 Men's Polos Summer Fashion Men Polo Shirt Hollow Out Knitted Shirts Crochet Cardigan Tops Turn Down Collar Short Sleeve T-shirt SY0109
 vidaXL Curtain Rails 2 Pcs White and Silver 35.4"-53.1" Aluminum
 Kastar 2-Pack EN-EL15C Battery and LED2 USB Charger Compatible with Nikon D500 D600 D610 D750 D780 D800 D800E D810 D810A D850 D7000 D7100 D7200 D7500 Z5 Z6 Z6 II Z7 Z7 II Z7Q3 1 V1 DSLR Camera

==

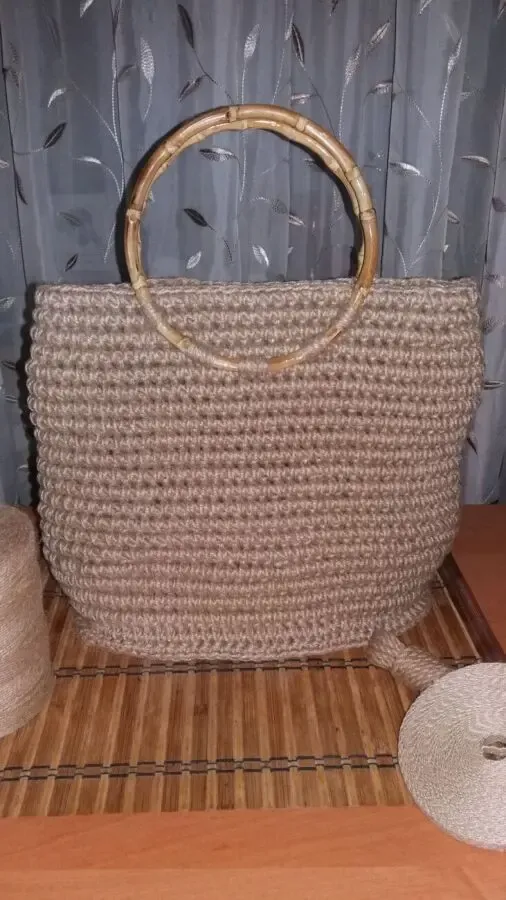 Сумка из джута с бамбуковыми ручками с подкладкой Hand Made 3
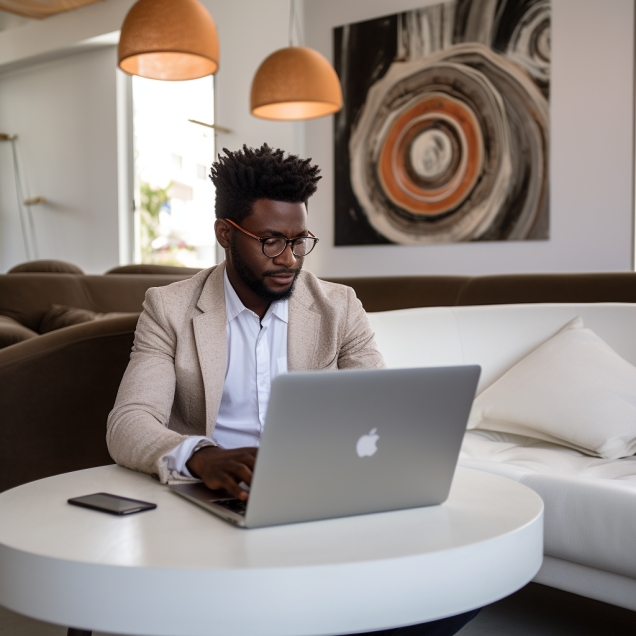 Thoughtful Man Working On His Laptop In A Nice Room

→ **What the task asks**:
Each line above from the one containing "Сумка из джута" through the one containing "Thoughtful Man Working" is to be returned verbatim. Nothing else, and no pictures.

→ **Problem solution**:
 Сумка из джута с бамбуковыми ручками с подкладкой Hand Made 3
 Thoughtful Man Working On His Laptop In A Nice Room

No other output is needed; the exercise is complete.